## Work item
Scan the following material for the string "para" and copy each line in which it appears.

## Material to process

========

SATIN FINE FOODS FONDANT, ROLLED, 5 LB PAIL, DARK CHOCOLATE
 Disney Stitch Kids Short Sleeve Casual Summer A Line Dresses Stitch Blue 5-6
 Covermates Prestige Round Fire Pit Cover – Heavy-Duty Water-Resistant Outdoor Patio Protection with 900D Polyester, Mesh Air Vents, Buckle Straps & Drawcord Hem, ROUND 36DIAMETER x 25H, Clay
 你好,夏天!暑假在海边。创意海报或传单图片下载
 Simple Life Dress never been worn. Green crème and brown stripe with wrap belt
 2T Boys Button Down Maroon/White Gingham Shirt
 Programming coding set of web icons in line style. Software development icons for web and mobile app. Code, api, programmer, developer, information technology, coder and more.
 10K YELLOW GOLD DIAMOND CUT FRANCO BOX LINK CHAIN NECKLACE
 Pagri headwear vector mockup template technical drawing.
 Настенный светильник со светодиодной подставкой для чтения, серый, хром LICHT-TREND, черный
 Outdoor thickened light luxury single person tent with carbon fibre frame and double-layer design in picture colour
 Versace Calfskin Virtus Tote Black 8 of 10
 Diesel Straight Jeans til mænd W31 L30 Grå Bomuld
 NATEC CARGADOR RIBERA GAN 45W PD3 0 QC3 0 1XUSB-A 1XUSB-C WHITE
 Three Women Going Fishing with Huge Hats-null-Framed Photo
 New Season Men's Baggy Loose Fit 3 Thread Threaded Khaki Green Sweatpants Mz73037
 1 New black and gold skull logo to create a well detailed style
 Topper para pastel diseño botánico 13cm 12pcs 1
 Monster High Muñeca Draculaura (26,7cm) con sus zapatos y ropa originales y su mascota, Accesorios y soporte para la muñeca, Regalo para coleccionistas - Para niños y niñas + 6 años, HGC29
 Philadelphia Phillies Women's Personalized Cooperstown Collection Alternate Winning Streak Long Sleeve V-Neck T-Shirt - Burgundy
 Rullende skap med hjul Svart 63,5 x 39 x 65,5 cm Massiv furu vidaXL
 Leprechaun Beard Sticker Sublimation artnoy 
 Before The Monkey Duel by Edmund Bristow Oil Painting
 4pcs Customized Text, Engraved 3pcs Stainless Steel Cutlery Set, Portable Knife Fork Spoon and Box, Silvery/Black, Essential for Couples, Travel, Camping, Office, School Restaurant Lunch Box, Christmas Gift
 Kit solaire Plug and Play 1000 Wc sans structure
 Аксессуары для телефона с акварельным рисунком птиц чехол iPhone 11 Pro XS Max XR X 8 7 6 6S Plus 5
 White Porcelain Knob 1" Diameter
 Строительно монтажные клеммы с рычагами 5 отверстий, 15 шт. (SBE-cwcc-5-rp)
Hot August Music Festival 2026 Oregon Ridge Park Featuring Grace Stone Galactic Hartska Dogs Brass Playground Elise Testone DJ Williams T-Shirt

========

## Exercise result
 Topper para pastel diseño botánico 13cm 12pcs 1
 Monster High Muñeca Draculaura (26,7cm) con sus zapatos y ropa originales y su mascota, Accesorios y soporte para la muñeca, Regalo para coleccionistas - Para niños y niñas + 6 años, HGC29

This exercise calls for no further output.